How to better manage drug plans

Understanding the cost and value of new medicines in Canada can help sponsors to better manage their drug plans

Some stakeholders in the health benefits community believe that the cost of new (patented) medicines threatens the sustainability of prescription drug benefits in Canada. At the same time, cost concerns are encouraging drug plan sponsors to shift to plan designs that limit access to the most innovative treatments. Yet, at the national level, spending on patented medicines has been growing at a slow or negative rate for years; the prices of patented medicines have grown slower than inflation; and Canadian prices for new medicines are not excessive relative to prices in comparable countries. Moreover, forecasts predict low single-digit growth in the direct drug costs of private sector benefits plans for the foreseeable future.
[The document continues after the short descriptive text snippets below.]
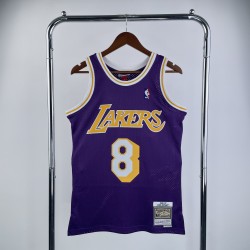 Angeles Lakers Retro 96/97 Kobe Bryant (Serigrafiada)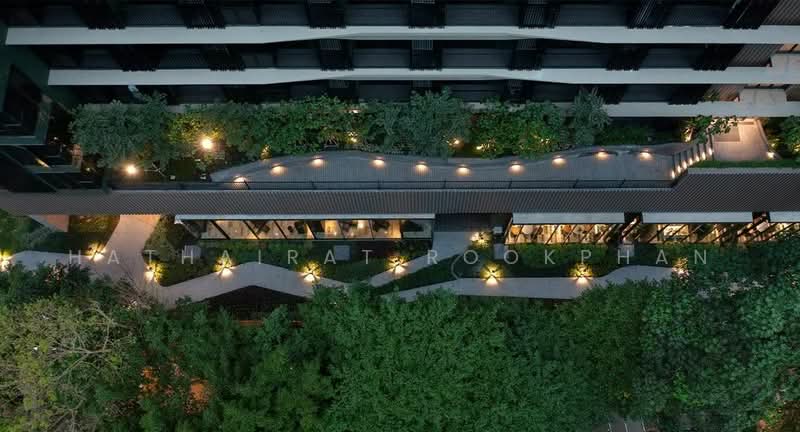 The Line Phahonyothin Park, Bangkok, 1090 Phahonyothin Road, Jom Phon, Chatuchak, Bangkok, 1 Bedroom, 58 sqm, Condo For Rent, by Hathairat Rookphan, 500498291 - DDproperty.com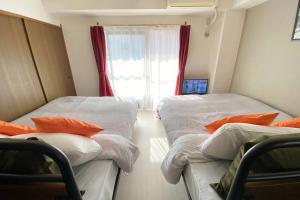 1min walk to sta, drct bus to HND! Easy access! 03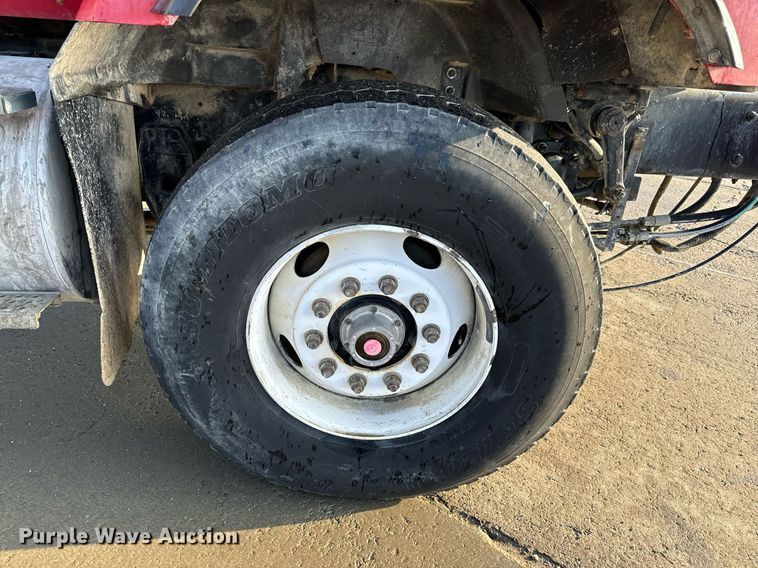 image for item NM9126 2006 International Paystar 5600i  ready mix truck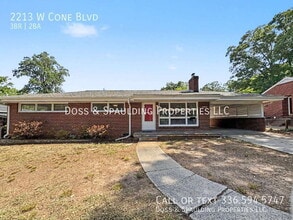 Building Photo - 2213 W Cone Blvd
Innovative new medicines can offer more effective treatment of illness—which in turn, results in improved health outcomes for plan members and their families, enabling greater workplace well-being and productivity. In today’s important dialogue on drug costs, sponsors need to make the most informed decisions about their employee benefits, and evidence demonstrates that the cost of new medicines is not a threat to the sustainability of private drug plans in Canada in the near term.

Today’s Spend

Evidence confirms that national spending on patented medicines makes up a small percentage of total national (public and private) health spending in Canada and has been growing at a slow or negative pace for a long time.

A 2013 study published by the Canadian Health Policy Institute (CHPI) analyzed total (public and private) spending on patented medicines in Canada using the most recent available data (current and comparable to 2012) from the Patented Medicine Prices Review Board (PMPRB) and the Canadian Institute for Health Information (CIHI). Total direct spending on patented medicines accounted for only 6.2% ($12.8 billion) of the $205.9 billion spent in total on all healthcare in 2012. From 2007 to 2012, total direct spending on patented medicines grew by only 4.1%, while total spending on all other healthcare (excluding patented medicines) grew by 30.5%.

Adjusting the data for population and income growth shows that spending on patented medicines is moderate and declining in Canada. Per capita spending on patented medicines was $366.97 in 2012, accounting for less than 1% (0.70%) of per capita GDP ($52,248.98). Per capita total spending on patented medicines actually declined by 1.8% from 2007 to 2012, while per capita total spending on all other healthcare grew by 23.2%. Importantly, per capita spending on patented medicines has steadily declined as a percentage of per capita GDP for the last eight years, falling to 0.70% in 2012 from 0.85% in 2004. Per capita spending on patented medicines was roughly the same percentage of per capita GDP in 2012 (0.70%) as it was in 2001 (0.69%).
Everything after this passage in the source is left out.